Co-Authored by Leah D. Smith and David J. Lick
“Sperm are cheap and eggs are expensive.” For decades, psychologists have relied on this mantra to explain why women are sexually choosy and men are sexually promiscuous. However, if women are so prudish, who exactly are men getting lucky with? Perhaps “sperm are cheap and eggs are expensive” is only half of the story, and something besides the scarcity of their eggs drives female sexuality … In a classic study by Clark and Hatfield (1989), women solicited a one-night stand to male strangers and men solicited a one-night stand to female strangers on a college campus. Results showed that men were much more willing to accept sex with a stranger than were women. In fact, women declined casual sex offers 100 percent of the time; men only declined casual sex offers 25 to 31 percent of the time. These findings dramatically demonstrated that men and women differ in their mating behaviors, with women appearing sexually prude compared to men. The study became quite influential in academic psychology, and it has been cited in over 350 published reports.
Despite the startling results of Clark and Hatfield’s (1989) study, it is possible that differences in the solicitors influenced the results. That is, women might have perceived male solicitors as aggressive and violent, while men might have perceived female solicitors as nurturing and warm. Perhaps women avoid casual sexual encounters with unfamiliar partners because they want to avoid potentially unpleasant or dangerous sexual experiences, and men accept these encounters more readily because they expect women to be nurturing, pleasant sexual partners.
Psychologist Terri Conley (2011) recently explored these possibilities by reconstructing the Clark and Hatfield study with several new manipulations. In particular, Conley (2011) found that women and men do indeed have different perceptions of one another in a casual sex scenario: female solicitors were considered warmer, more generous, and better sexual partners overall than were males. To test whether these perceptual differences influenced peoples’ willingness to accept casual sex offers, she examined whether bisexual women were more likely to accept a casual sexual encounter with another woman than with a man. As expected, bisexual women were much more likely to accept casual sex offers from women than from men.
Conley (2011) conducted a second study that asked participants to consider whether or not they would accept a casual sex proposition from their best friend of the opposite sex. Initially, it appeared that women were less likely than men to accept such an offer. However, when controlling for perceived sexual capabilities of the partner, women accepted the propositions just as often as men. This finding suggests that one’s expected receipt of sexual pleasure is a strong determinant of human sexuality, and that differences in the perceived sexual capabilities of partners provide the best explanation for different mating behaviors between the sexes.
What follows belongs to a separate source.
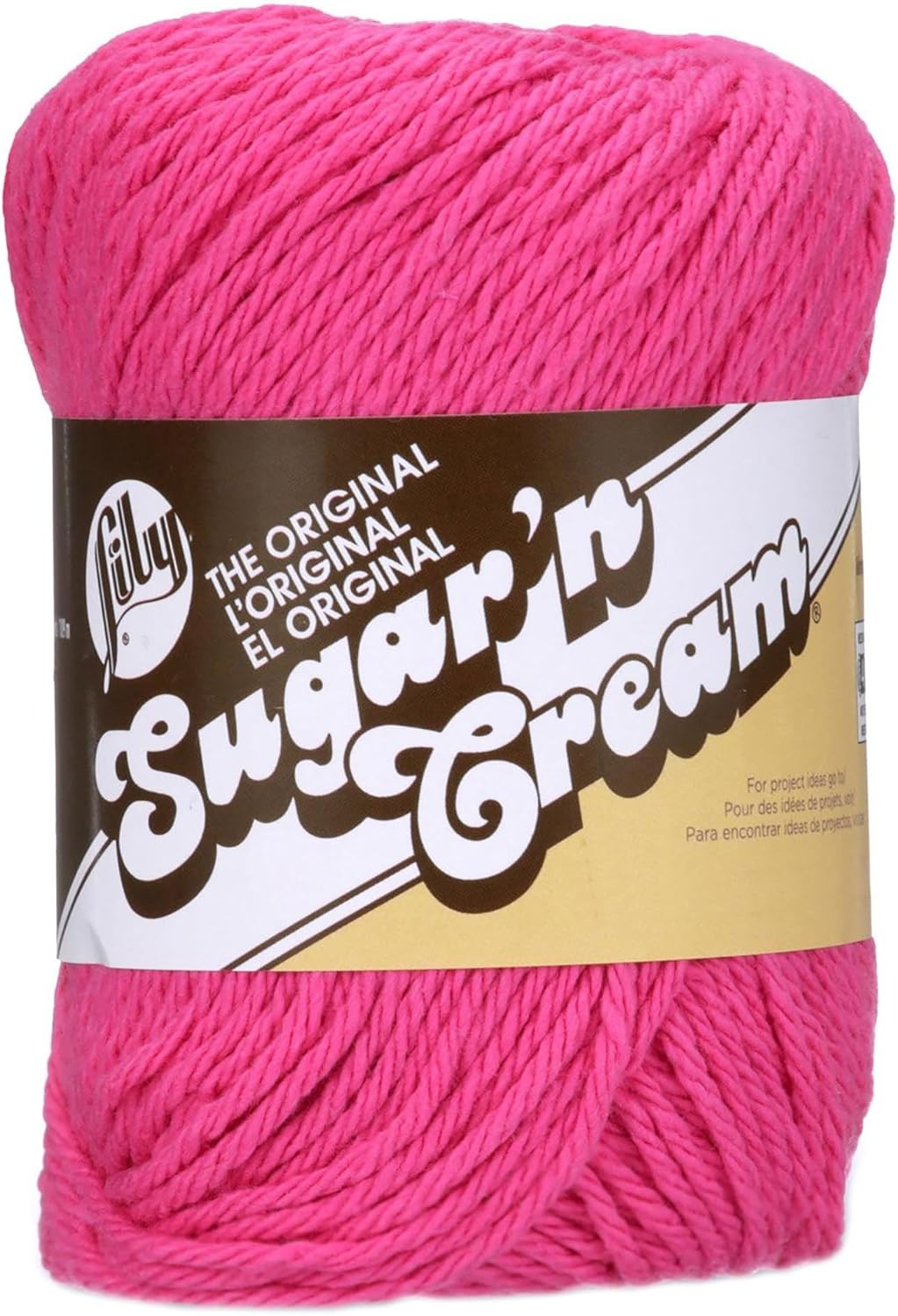 Lily Sugar & Cream Cotton - Colour Variety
That is, men tend to be perceived as less sexually capable than women, which might be why most women might turn down casual sex offers from male proposers.
Conley (2011) also tested whether women would be more willing to accept casual sex with an attractive celebrity than with an unattractive celebrity. Intriguingly, women were just as likely to say “yes” to Johnny Depp and “no” to Donald Trump as men were to say “yes” to Angelina Jolie and “no” to Roseanne Barr. Thus, it appears that under the right circumstances, women are just as interested in casual sex as are men. This is especially true if the proposer is female, perceived to be sexually capable, and physically attractive.
Boiling sexual behavior down to eggs and sperm suggests that women are less interested in casual sex than are men. Indeed, classic psychological studies seemed to confirm this presumption. However, more recent research shows that social factors play an important role in determining mating behaviors, and when we account for these social factors, women are not necessarily opposed to casual sex (see Conley, 2011). In fact, if a sexual proposal comes from someone who is viewed as safe, familiar, attractive, and supposedly pleasurable, then women are as likely as men to accept a casual sex offer. So dust off those Kama Sutra books, boys, because when it comes to getting a woman to sleep with you, safety and sexual prowess can be strong aphrodisiacs.
Clark, R. D., & Hatfield, E. (1989). Gender differences in receptivity to sexual offers. Journal of Psychology & Human Sexuality, 2, 39-55.
Conley, T. D. (2011). Perceived proposer personality characteristics and gender differences in acceptance of casual sex offers. Journal of Personality and Social Psychology, 100, 309-239.